The impact of Millennials and Gen Z.
“An overarching theme here is the presence of millennials,” Kara Nielsen, culinary director at the Sterling-Rice Group told Food Business News' Monica Watrous. “This bigger generation is influencing the deeper flavor exploration that we’re seeing, to continued exploration of wellness ingredients and foods that are better-for-you, and then we also have a few trends that reflect community connection, both to other elements of the food community as well as connections with the past and tradition.”
"Those born after millennials, or starting in 1995, crave more flavors and variety than earlier generations yet also have a focus on simplicity and health," said the Chicago Tribune's food writer, Jessica Wohl, writing of her interview of Phil Lempert, a former brand researcher for ConAgra.
So if deeper explorations of flavor potential are going to be the order of the day, let's take a look, then, at what the projections say about 2015, and what you and your food company should be focusing on producing and marketing now.
Smoked foods are red hot.
Following on the heels of the hot sauce craze and Sriracha-gate in 2014, many experts believe that smoked flavor foods will be a big ticket item on grocery store shelves in the coming twelve months. There are already smoked craft beers on the market, as well as traditional smoked meats. Smoked cheeses and smoked or grilled flavor vegetables are also popular in the store aisles.

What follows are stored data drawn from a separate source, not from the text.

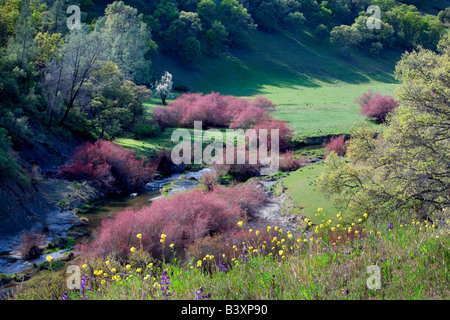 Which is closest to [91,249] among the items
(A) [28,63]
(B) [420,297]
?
(B) [420,297]

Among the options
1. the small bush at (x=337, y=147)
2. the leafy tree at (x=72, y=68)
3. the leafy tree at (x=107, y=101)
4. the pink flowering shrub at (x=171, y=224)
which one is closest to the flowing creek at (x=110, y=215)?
the pink flowering shrub at (x=171, y=224)

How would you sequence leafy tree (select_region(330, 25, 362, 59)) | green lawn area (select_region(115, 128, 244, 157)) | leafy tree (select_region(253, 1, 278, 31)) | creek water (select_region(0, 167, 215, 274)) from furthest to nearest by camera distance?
1. leafy tree (select_region(253, 1, 278, 31))
2. leafy tree (select_region(330, 25, 362, 59))
3. green lawn area (select_region(115, 128, 244, 157))
4. creek water (select_region(0, 167, 215, 274))

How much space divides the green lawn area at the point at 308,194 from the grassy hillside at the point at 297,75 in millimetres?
17955

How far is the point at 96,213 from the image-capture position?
25.1m

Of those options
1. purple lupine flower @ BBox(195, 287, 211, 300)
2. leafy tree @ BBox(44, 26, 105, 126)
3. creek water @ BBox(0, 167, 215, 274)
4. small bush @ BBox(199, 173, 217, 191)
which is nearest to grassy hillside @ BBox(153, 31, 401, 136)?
creek water @ BBox(0, 167, 215, 274)

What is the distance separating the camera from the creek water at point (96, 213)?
57.8 feet

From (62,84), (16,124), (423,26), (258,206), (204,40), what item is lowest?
(258,206)

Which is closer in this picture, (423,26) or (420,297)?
(420,297)

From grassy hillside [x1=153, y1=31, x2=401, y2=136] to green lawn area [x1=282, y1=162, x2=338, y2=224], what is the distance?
1796 centimetres

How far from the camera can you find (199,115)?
5122cm

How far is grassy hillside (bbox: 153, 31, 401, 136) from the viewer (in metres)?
60.9

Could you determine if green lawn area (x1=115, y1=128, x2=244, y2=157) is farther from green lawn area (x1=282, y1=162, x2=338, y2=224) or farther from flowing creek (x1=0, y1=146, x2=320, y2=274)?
green lawn area (x1=282, y1=162, x2=338, y2=224) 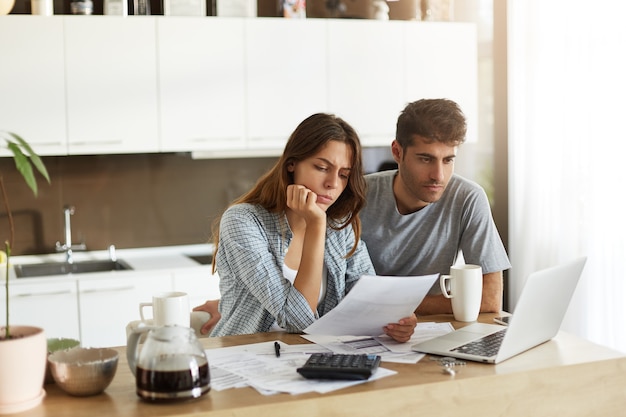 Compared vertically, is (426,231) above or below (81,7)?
below

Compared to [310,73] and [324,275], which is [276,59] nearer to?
[310,73]

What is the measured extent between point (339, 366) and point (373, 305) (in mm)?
281

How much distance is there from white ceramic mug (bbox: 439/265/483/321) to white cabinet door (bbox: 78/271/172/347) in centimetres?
190

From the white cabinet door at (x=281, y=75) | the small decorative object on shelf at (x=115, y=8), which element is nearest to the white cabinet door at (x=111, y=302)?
the white cabinet door at (x=281, y=75)

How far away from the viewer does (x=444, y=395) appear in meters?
1.76

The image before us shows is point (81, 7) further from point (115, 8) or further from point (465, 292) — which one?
point (465, 292)

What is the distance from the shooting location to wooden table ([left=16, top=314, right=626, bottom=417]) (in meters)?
1.61

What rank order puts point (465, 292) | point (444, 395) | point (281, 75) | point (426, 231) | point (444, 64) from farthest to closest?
1. point (444, 64)
2. point (281, 75)
3. point (426, 231)
4. point (465, 292)
5. point (444, 395)

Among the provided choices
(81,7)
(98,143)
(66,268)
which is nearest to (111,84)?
(98,143)

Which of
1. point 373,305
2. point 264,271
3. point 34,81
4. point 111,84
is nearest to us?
point 373,305

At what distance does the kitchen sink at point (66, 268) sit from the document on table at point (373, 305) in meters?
2.27

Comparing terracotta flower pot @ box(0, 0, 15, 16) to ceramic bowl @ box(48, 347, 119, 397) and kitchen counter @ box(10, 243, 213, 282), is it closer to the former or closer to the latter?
kitchen counter @ box(10, 243, 213, 282)

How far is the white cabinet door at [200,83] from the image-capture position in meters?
4.05

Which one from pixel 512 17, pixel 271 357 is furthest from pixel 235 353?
pixel 512 17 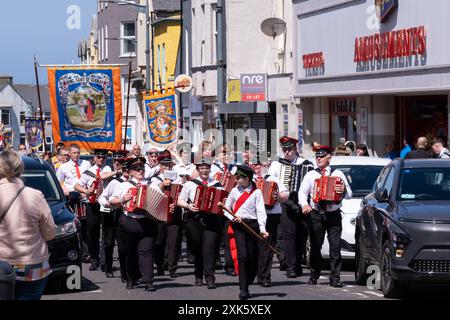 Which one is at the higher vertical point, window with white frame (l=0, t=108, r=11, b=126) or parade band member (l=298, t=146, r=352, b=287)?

And the barbecue market is more popular than ever, thanks to food network programs touting it as an American original, festivals devoted to promoting barbecue competition between grill masters, and the proliferation of sit-down, regional barbecue chain restaurants that appeal to younger consumers.
There are various ways to get in on the smoke trend and add that fresh-off-the-fire mouth feel to your recipes, and not all of them require going out and investing in a high-end smoker. Liquid smoke can easily be added to a recipe to give a dish an earthy tone and savory palette, and it is now being produced in a wide variety of wood flavor types, from oak and hickory to char-grilled mesquite.
Consumers aren't souring on fermented foods. They're buying more than ever.
As Americans have become increasingly concerned with promoting digestive health through the use of probiotics, the market for fermented foods like kombucha, kefir, yogurt and kimchi has taken off. No longer relegated to the health food store, these natural probiotic products have gone mainstream and can now be found on the shelves at most major grocers' stores.
Sales of yogurt and kefir alone rose 20.4 percent in the period 2011-2013, according to Food Navigator-USA. That's quite a rise, given that Lifeway— the most prominent producer of kefir for the mainstream American market— has only been around since 1986 and didn't begin mass-marketing its signature product until the mid-2000s.
Your fortune may lie with Asian-inspired cuisine.
"Fare from the Far East has become a growing trend in fine dining, food trucks and everything in between," wrote Watrous. "The newest wave of Asian flavors are spicier and more complex."
Northern Thai-inspired dishes, Filipino foods, Japanese matcha and umami-rich tastes are on the crest of that wave, as are trends like bubble tea parlors and stateside curry houses (an import largely from the United Kingdom, where curry is king).
“What we’re seeing are restaurateurs and food lovers that may have come from an Asian background or are familiar with deeper level of Asian foods and bringing into marketplace currently mostly in the restaurant format,” Nielsen told Food Business News. “There’s a deeper exploration of funkier, fattier, hotter flavors.”
2015 looks like it may end up being the most flavorful year yet.
You should be looking at food trend— like sous vide recipes, Asian cuisine and the surge in smoked or fermented foods— and coming up with recipes that will help your company to cash in on the demand. Be wild; be daring. Your food consumers, and particularly those all-important younger adults who have disposable income, are demanding it.